Une enquête menée par le gouvernement canadien a révélé que les étudiants africains au Canada et aux États-Unis ont bien moins de chances d’obtenir un visa que ceux d’autres régions du monde, et que le racisme est un facteur important.

Des règles strictes rendent la migration légale plus difficile. Cela pourrait réduire les entrées dangereuses et sans papiers. Depuis des années, l’Europe tente de contrôler les migrations par le biais d’initiatives diplomatiques avec les pays africains. Ils subissent des pressions pour arrêter l’exode en recourant à la force militaire pour empêcher les migrants de quitter la Méditerranée. En outre, les États sont censés accepter les migrants expulsés – leurs propres citoyens, mais parfois aussi d’autres. De cette manière, l’Europe abdique sa responsabilité d’avoir provoqué les crises qui conduisent à la migration irrégulière.

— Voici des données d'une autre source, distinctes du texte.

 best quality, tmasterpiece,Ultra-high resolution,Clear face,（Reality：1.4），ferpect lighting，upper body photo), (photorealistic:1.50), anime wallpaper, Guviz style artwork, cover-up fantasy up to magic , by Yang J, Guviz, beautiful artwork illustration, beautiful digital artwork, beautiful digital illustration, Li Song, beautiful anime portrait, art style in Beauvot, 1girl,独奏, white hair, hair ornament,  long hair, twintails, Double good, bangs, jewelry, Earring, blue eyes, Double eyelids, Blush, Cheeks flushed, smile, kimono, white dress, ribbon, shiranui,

L’UE soutient la mobilité, mais renforce les contrôles à ses propres frontières. Il élève la liberté de circulation au rang d’élément de démocratie, tandis que les États africains, qu’il accuse lui-même d’autocratie, devraient interdire la circulation des personnes.

Les frontières ouvertes facilitent la coopération sur des problèmes mondiaux tels que le changement climatique et les pandémies. Ils permettent des réponses plus coordonnées et plus susceptibles de réussir. Pour un dialogue égalitaire, les priorités africaines doivent être prises en compte. Cependant, la politique des visas reflète un déséquilibre des pouvoirs dans lequel les nations les plus fortes imposent des exigences plus strictes aux plus faibles et restreignent la liberté de mouvement de leurs citoyens. Le passé colonial de l’Europe influence la dynamique migratoire actuelle et entretient l’inégalité des chances.